• Task:
For the entries below, return every line from the top through the line with "Chris Gayle Says" exactly as it stands, omitting pictures.

• Given data:

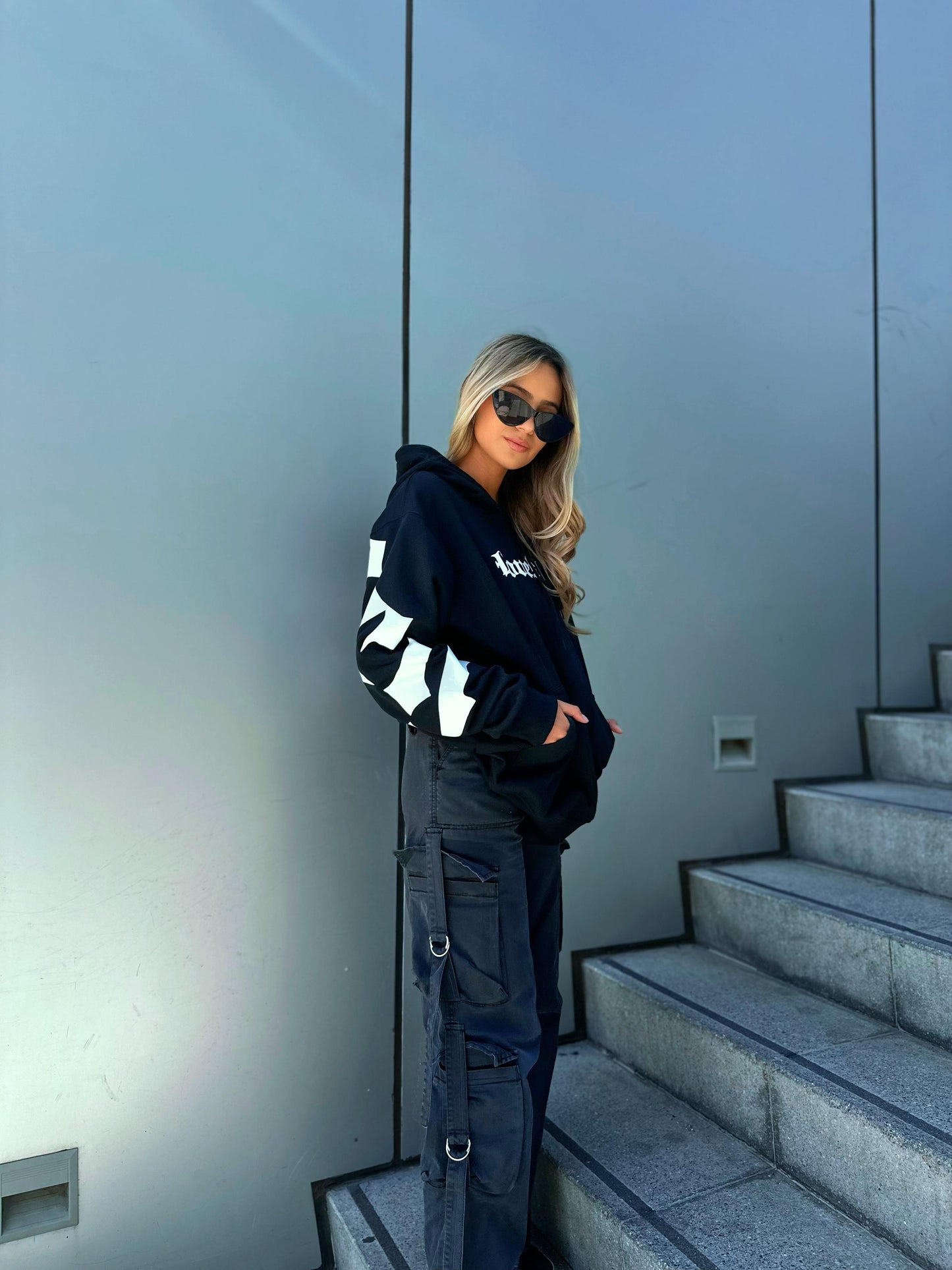 Polerón Oversize Tolerancy Negro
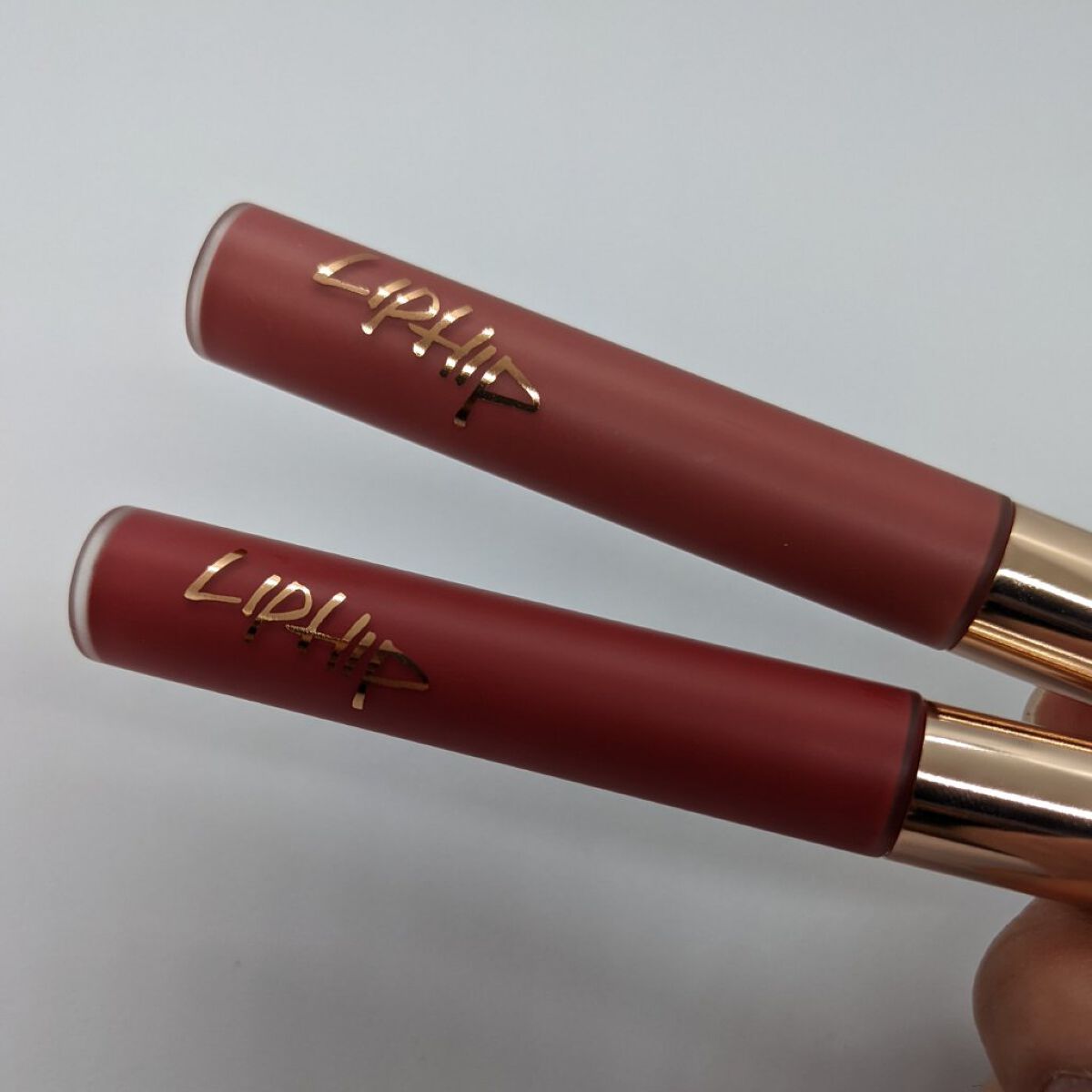ロングラスティングマットティント/LIPHIP(リップヒップ)/リップティントを使ったクチコミ（2枚目）
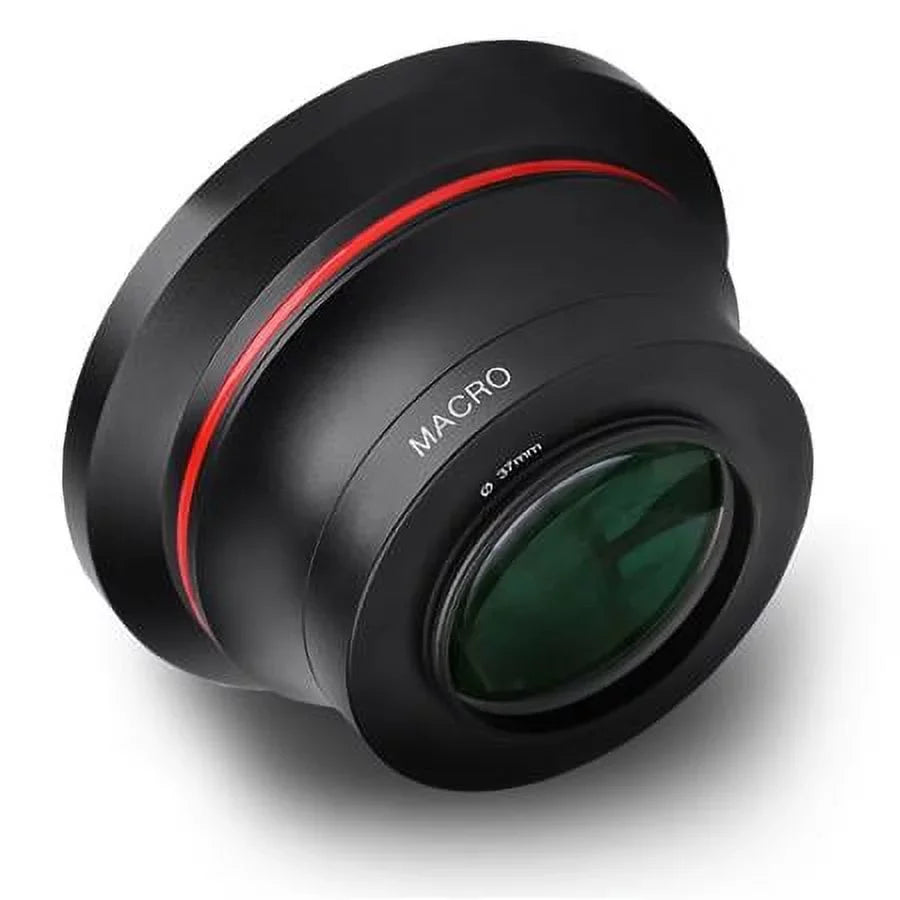4K Super Wide Angle Lens Macro for Camcorder + 0.39x - Special Edition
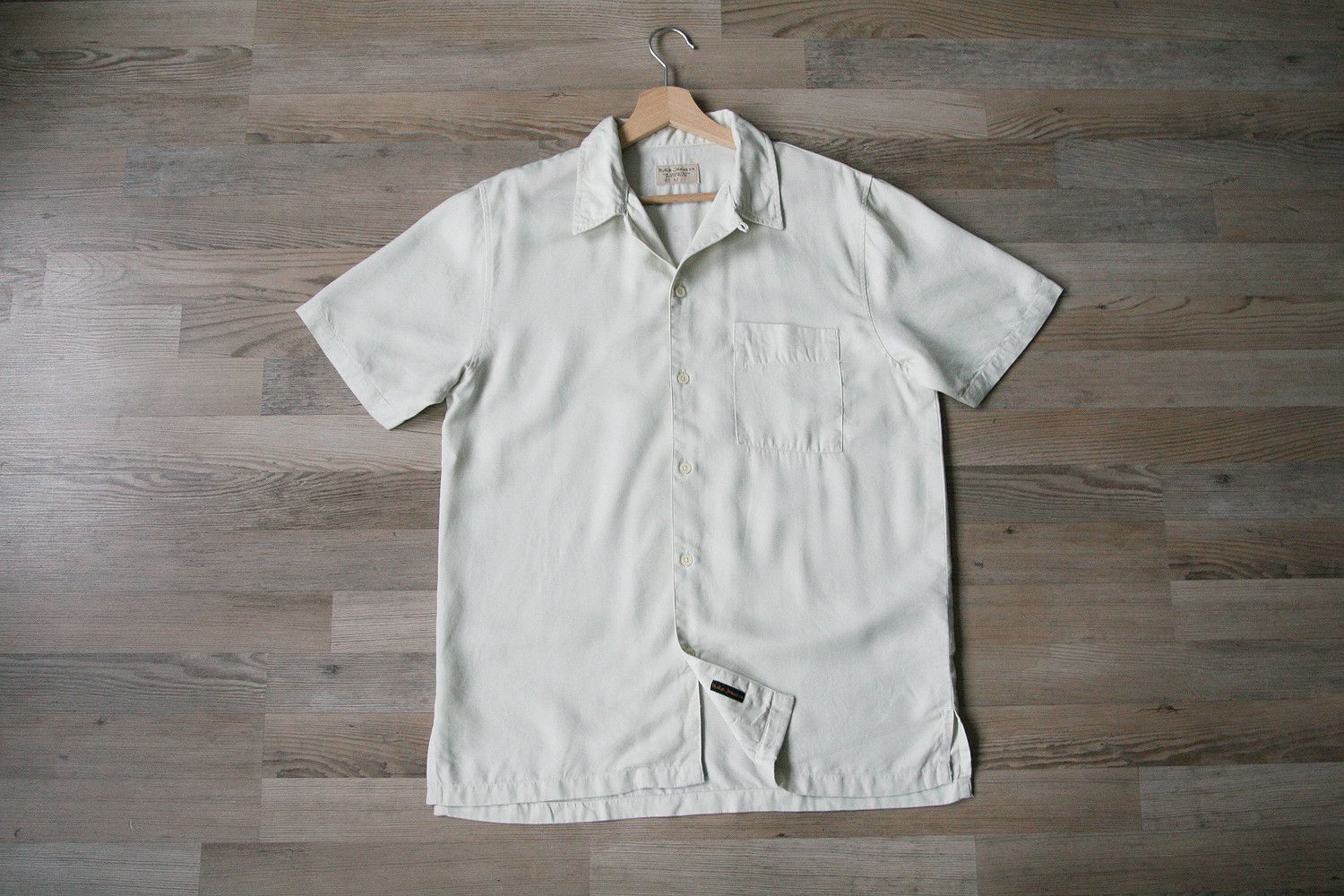 Nudie Jeans Nudie Jeans Brandon NJCO Cod Button Down Shirt Koi Fish M Size US M / EU 48-50 / 2 - 2 Thumbnail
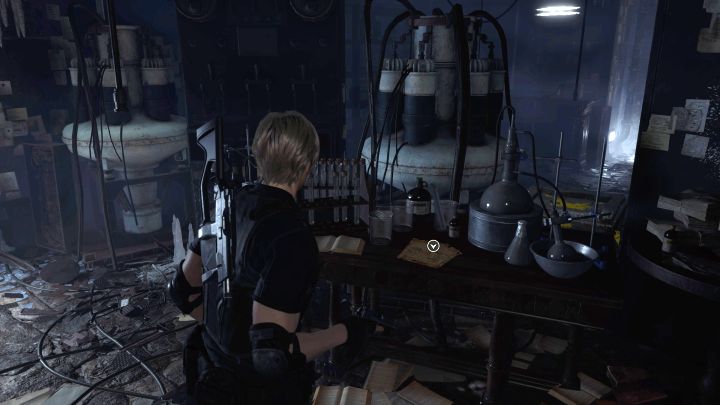 12 – Resident Evil 4 Remake: Karte der Dateien – Castle – Geheimnisse – Resident Evil 4 Remake Guide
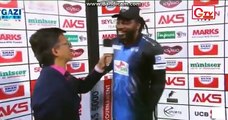 Chris Gayle Says InshaAllah During An Interview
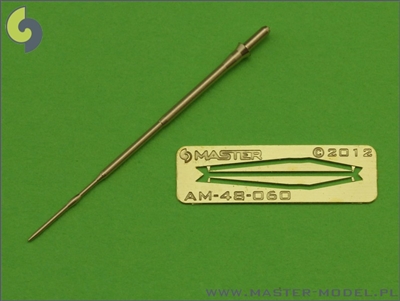 Master AM48060 - MiG-29 (Fulcrum) Pitot Tube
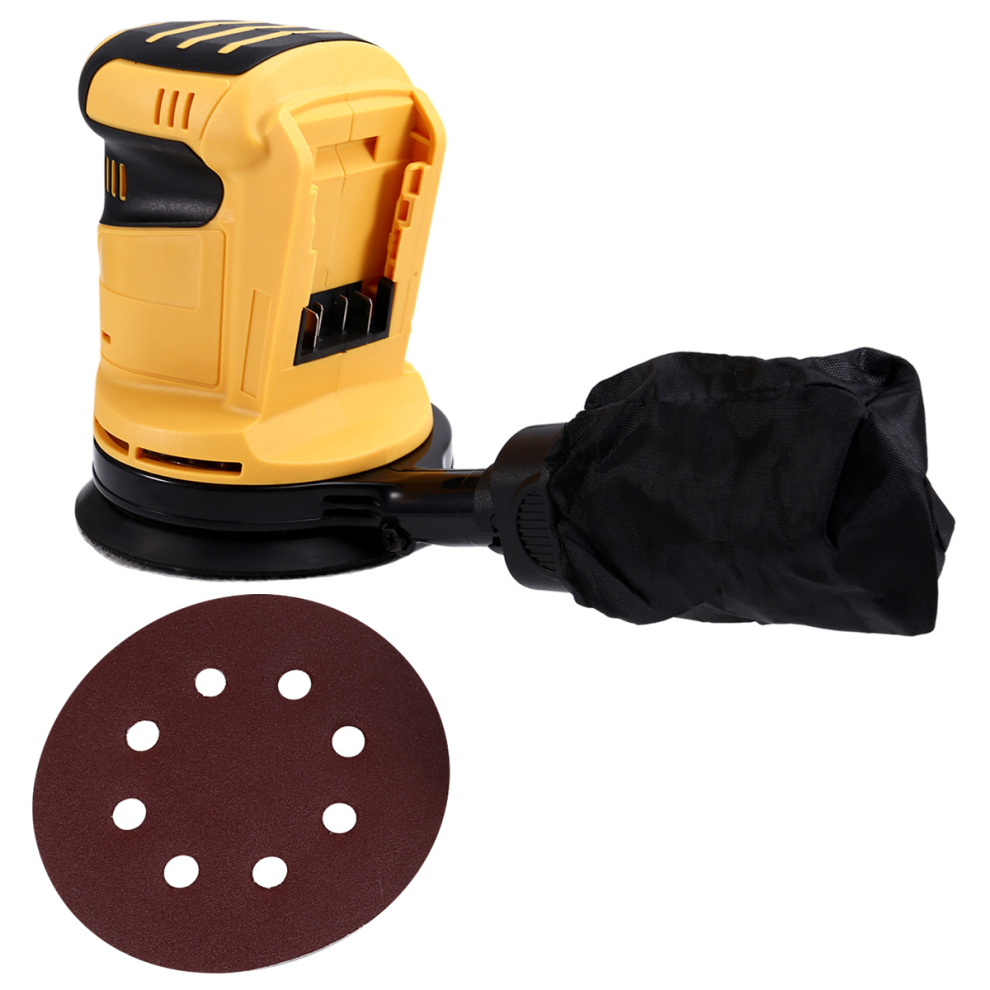 For 18V 20V Battery Cordless Polishing Machine 125Mm Wood Grinder Metal Car Waxing 4853273248114
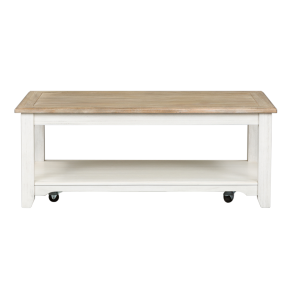 Liberty Furniture 171-OT1010 Summerville - Rectangular Cocktail Table - White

• Answer area:
 Polerón Oversize Tolerancy Negro
ロングラスティングマットティント/LIPHIP(リップヒップ)/リップティントを使ったクチコミ（2枚目）
4K Super Wide Angle Lens Macro for Camcorder + 0.39x - Special Edition
 Nudie Jeans Nudie Jeans Brandon NJCO Cod Button Down Shirt Koi Fish M Size US M / EU 48-50 / 2 - 2 Thumbnail
 12 – Resident Evil 4 Remake: Karte der Dateien – Castle – Geheimnisse – Resident Evil 4 Remake Guide
 Chris Gayle Says InshaAllah During An Interview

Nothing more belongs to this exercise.